Anatomy of a R command


Basic Anatomy

Almost every R command you run will look like either:

named_object <- function(input_1, input_2, ...)

or

function(input_1, input_2, ...)

What is a function?

A function takes one or more inputs (sometimes it can even take zero inputs), and returns an output.

The output can be almost anything. It could be a dataframe, a variable, a number, a regression, or almost anything else.


Commands that store output in a named object

Commands that store output in a named object look like this:

named_object <- function(input_1, input_2, ...)

This command runs the function with the inputs you give it, then it stores the output in named_object. You can give this object any name you want.

Example

my_dataframe <- read.csv("my_file.csv")
  • This command reads the data from a CSV file called “my_file.csv”, returns it as a dataframe, and stores that dataframe in my_dataframe.
  • read.csv is the function.
  • "my_file.csv" is the input to the function.
  • my_dataframe is the name of the object you’re storing the dataframe in.

See my documentation on read.csv for more info.

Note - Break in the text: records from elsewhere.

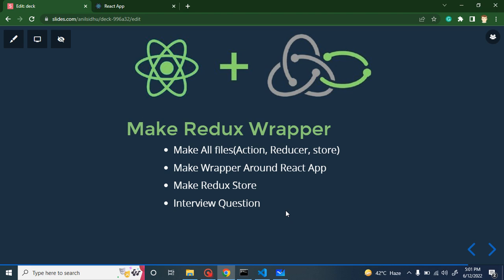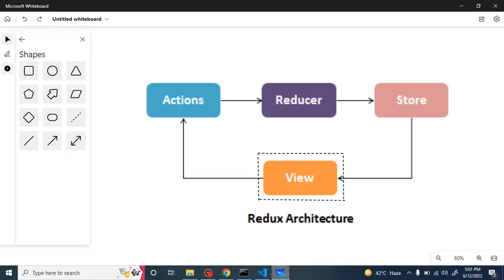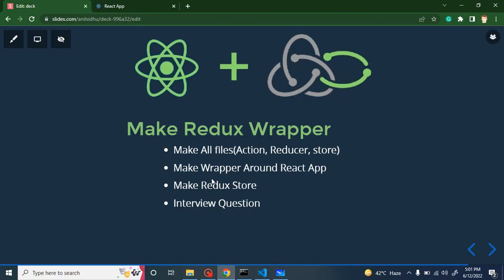Hi everyone, welcome back to Course Step by Step. My name is Anil. In this part of the React Redux and Saga series, we will learn how we can create a Redux wrapper around a React.js application. You may have a question about why we need a Redux wrapper — I will give you the answer with a diagram in a moment.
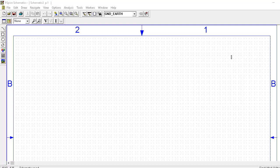Hello guys, welcome to Easy to Learn. Today I am performing another CAD lab experiment — the transient analysis of a BJT differential amplifier. Let's start designing the circuit and perform the simulation on the PSPICE simulator.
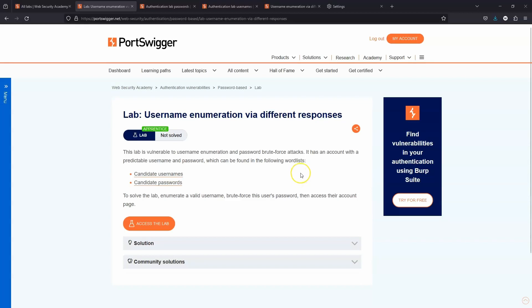We're going to be taking a look at this lab: username enumeration via different responses. This is a fairly straightforward lab. The objective is to brute force the username and password box.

Commands that don’t store output

Commands that don’t store output look like this:

function(input_1, input_2, ...)

This command runs the function with the inputs you give it, but the output is not stored anywhere. Instead, the output will be displayed directly in the console.

Example

summary(my_dataframe$my_variable)
  • This command shows summary statistics for the variable my_variable in the dataframe my_data.
  • summary is the function.
  • my_dataframe$my_variable is the input to the function.
  • Since you did not tell R to store the output anywhere, the output gets displayed in the console.

See my documentation on summary for more info.